I think that I will use Janet’s bookkeeping method. Get out her old and worn and very full, address book and start at the beginning and address one email at a time, checking them off as I go. But, not for a while.

I did make time to transcribe an article that Janet wrote in 1977. Some dear friends proofed it for me this morning (many thanks for that). The original printed version had many errors that even I could see. And if I can find them, then you have a real problem with the English Language. <wink> And then too, some of my ‘improvements’ were sloppy.

This was published in Pacific Skipper. “The cruising magazine of the Pacific.” Special issue, June 1978.

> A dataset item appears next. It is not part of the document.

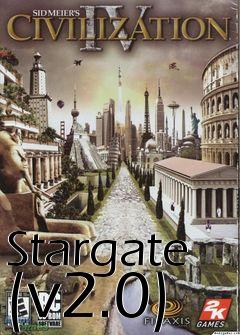 Box art for Stargate (v2.0)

The first sentence is now especially ironic and tugs strongly at my heart, but I left it in. I did make a very few minor changes to the text. And, the text is describing things in 1977. They may be different there now, but there was no GPS back then. We used celestial,dead reckoning, with a taffrail log and compass. We had the US best chart for that part of the coast at the time. 18700, which is still the only chart I think. But it is about 3 or 4 miles to the inch. Not good enough for our needs.

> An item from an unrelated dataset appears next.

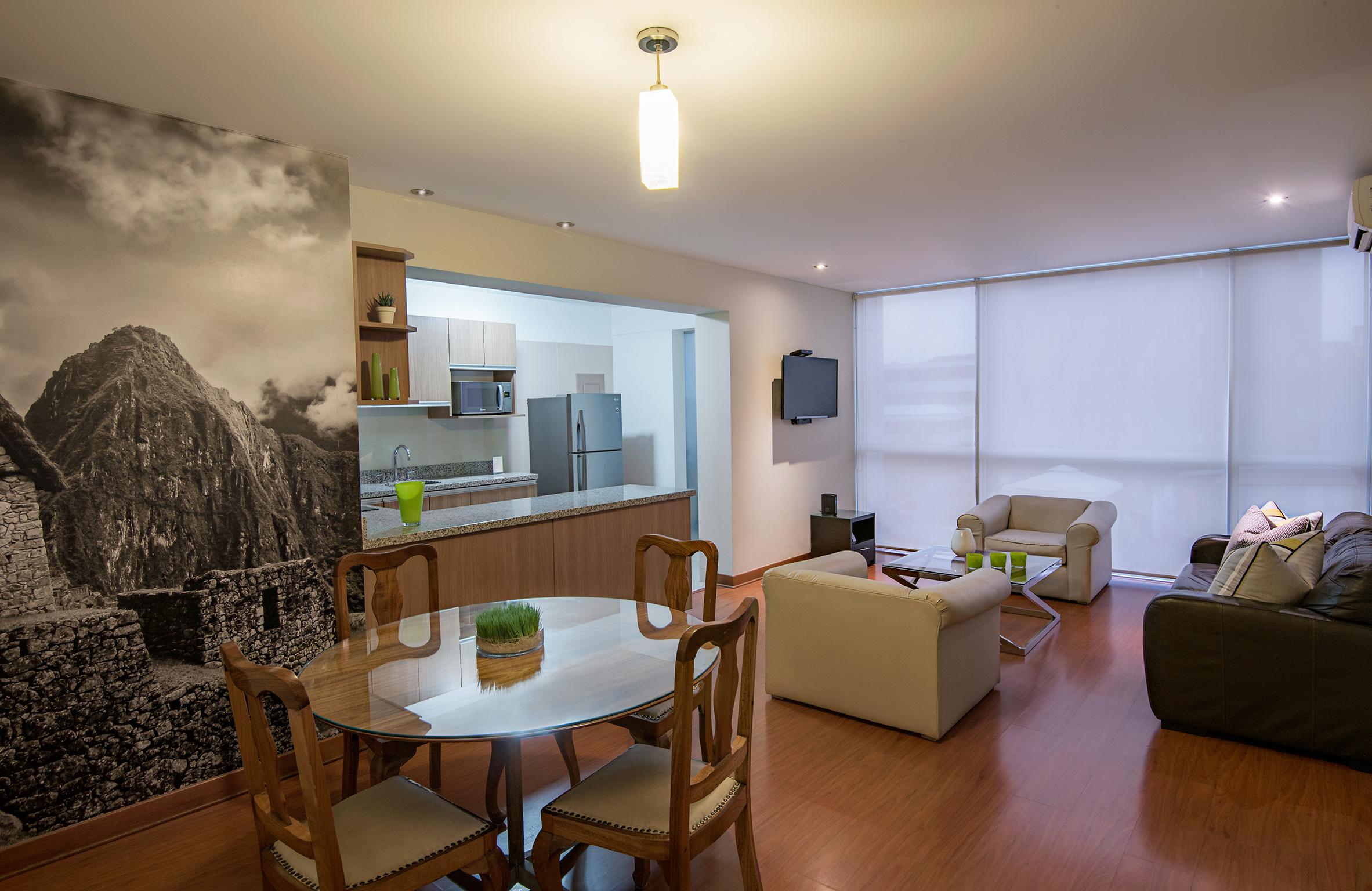 Mariel Hotel Boutique Ліма Екстер'єр фото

The title “Once is Enough” is in homage to Beryl Smeaton and her story of being swept overboard near Cape Horn. We’d read their books and had the honor of meeting Miles and Beryl twice.

Once Is Enough

By Janet Erken

All of us, I think, believe ourselves to be somewhat immortal and therefore tend to feel we’re strong, fairly surefooted and certainly not going to fall off our boats. Especially not in nice weather. Well, I have been swept overboard and once is enough.

In the Fall of 1977, we were sailing south down the coast of California, about 5 miles offshore. There were five of us onboard. It was a glorious day, with a nice, but light, following wind most of the day. Very small wind waves, but a large swell. And we planned to anchor at San Simeon, but due to the light wind, we were late in arriving.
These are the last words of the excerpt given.